Starbucks Corp, which sells the coffee that helps many Americans get wound up for their day, is now offering some a way to wind down.
The company plans to begin selling beer and wine in a small number of cafés in Atlanta and Southern California by the end of this year as it explores an expansion beyond morning coffee and afternoon pick-me-ups.
Starbucks is planning to add the alcoholic drinks and food such as savoury snacks, cheese plates and hot flatbreads to menus in four to six outlets in each market.
The world’s biggest coffee chain started selling such items at a Seattle café in October 2010. Five stores in the Seattle area and one in Portland, Ore., now offer the extended menu.
The company, which already has announced plans to bring the new items to five to seven Chicago-area shops by the end of 2012, is also testing wine and beer sales in Spain.
“As our customers transition from work to home, many are looking for a warm and inviting place to unwind and connect with the people they care about,” Clarice Turner, Starbucks’s senior vice-president of U.S. operations, said in a news release.
The company does not expect to sell alcohol in all of its nearly 11,000 U.S. locations.
Quick-service restaurant chains in the United States are adding morning and late-night menus, extending food and drink options and lengthening operating hours in an effort to boost sales.
Starbucks, Burger King and Sonic Corp are among the chains experimenting with alcohol sales in the United States.
Seattle-based Starbucks, which is coming off a successful restructuring, recently has reported some of the industry’s strongest sales trends.

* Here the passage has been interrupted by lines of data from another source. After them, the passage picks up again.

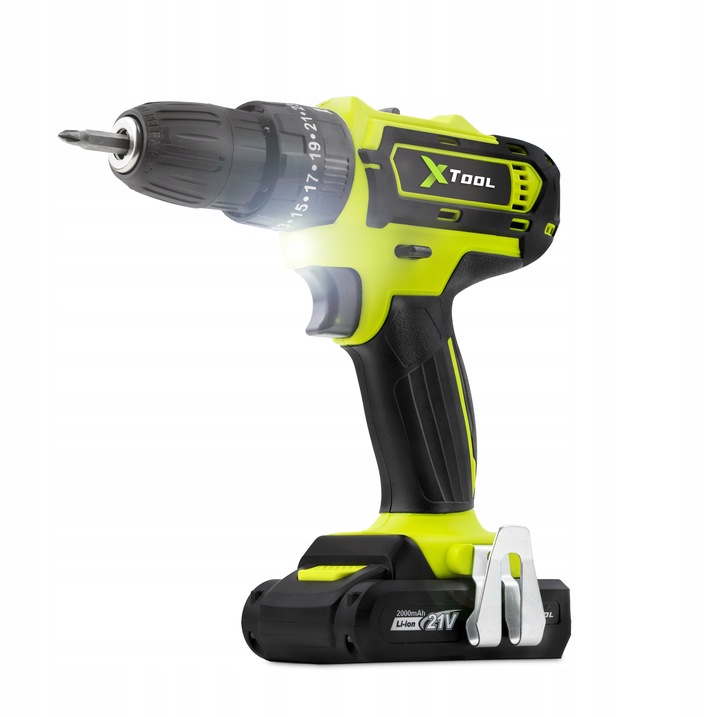 WIERTARKO WKRĘTARKA UDAROWA AKUMULATOROWA WKRĘTAK ZAKRĘTARKA 2xAKU 21V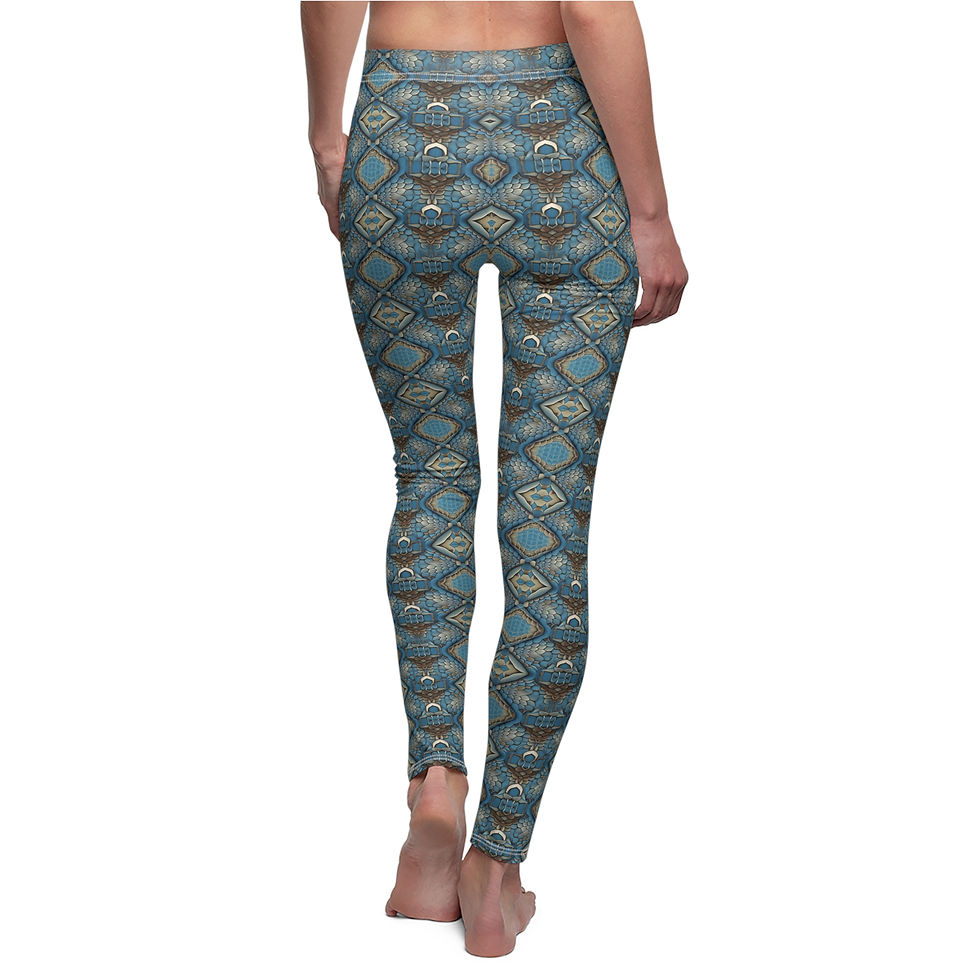 Bohemian Print Women's Casual Leggings - Stylish Comfort for Everyday Wear
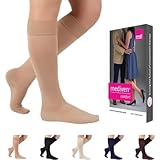 mediven Comfort for Women, 15-20 mmHg – Closed Toe Leg Circulation, Knee High Compression Stockings for Women, Semi-Transparent Leg Support Compression Hosiery , IV, Natural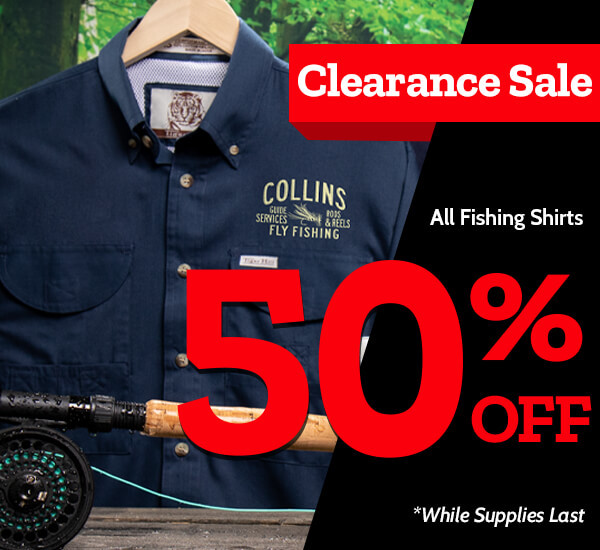 Clearance Sale 50% off all Fishing Shirts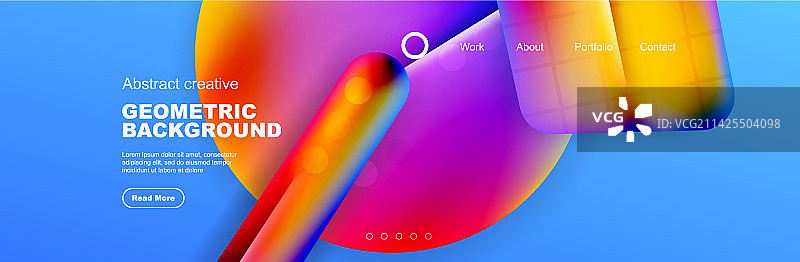 几何形状组合抽象图片素材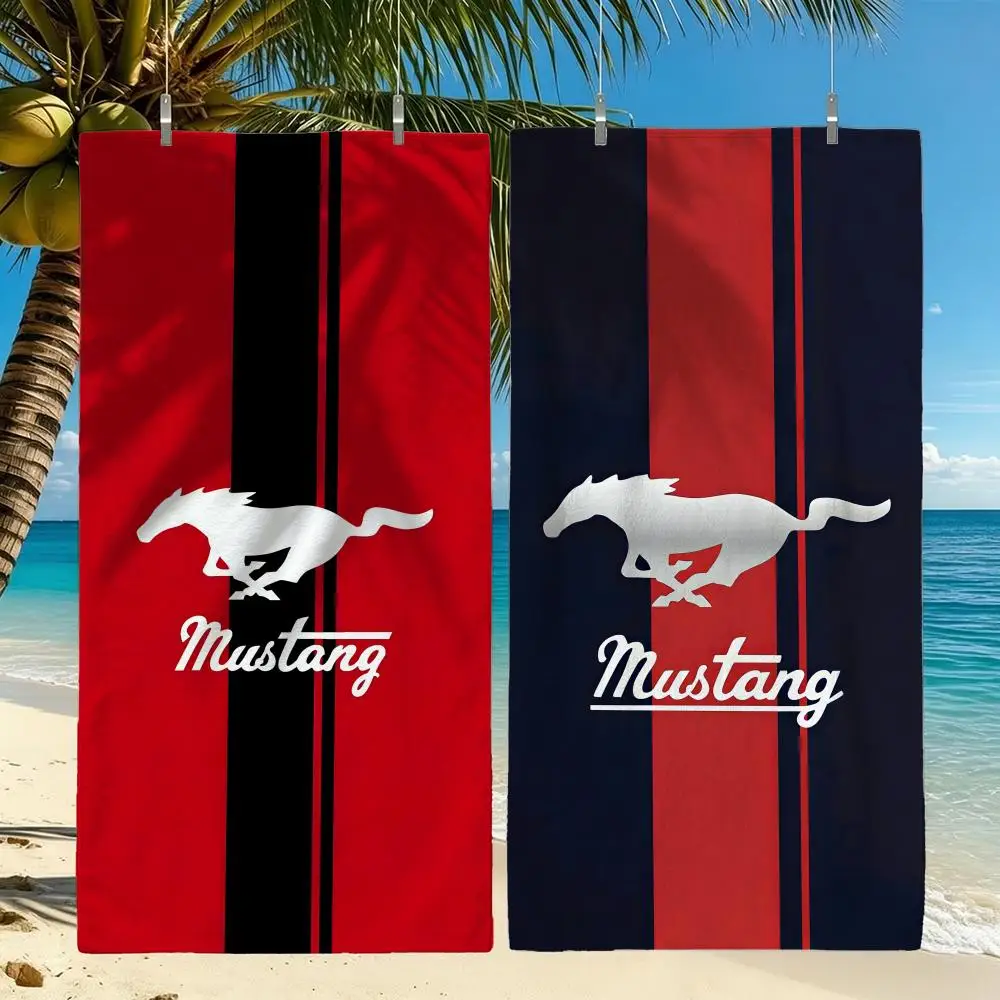 Brand Ford Mustang Towel Towel Beach Towel Oversized Quick Dry Towel Absorbent Soft Swim BeachTowels for Men Women
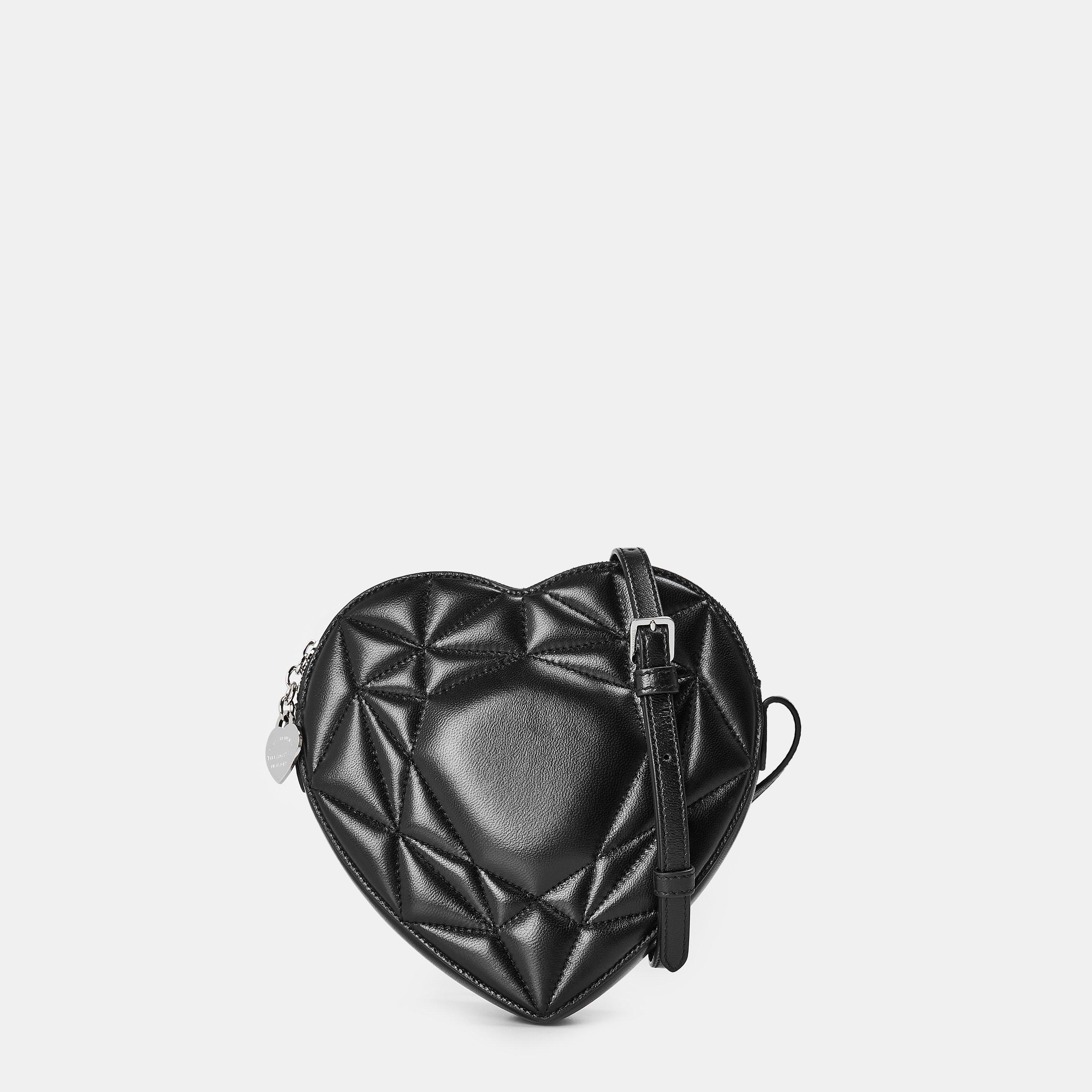 Black - Tiffany - Women's Crossbody Heart-shaped Handbag - 1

The company, which already offers breakfast and lunch, hopes its latest effort will ring up more late afternoon and evening sales.
Such efforts have their critics.
Alcohol Justice, a California-based industry watchdog, has criticized alcohol sales by Starbucks and fast-food chain Burger King, which offers beer at its new Whopper Bar restaurants.
Sarah Mart, the group’s director of research, said many U.S. neighbourhoods already have plenty of bars, restaurants and stores that sell booze.
“The more places that open, the more risk there is of alcohol-related harm” such as underage drinking, Ms. Mart said.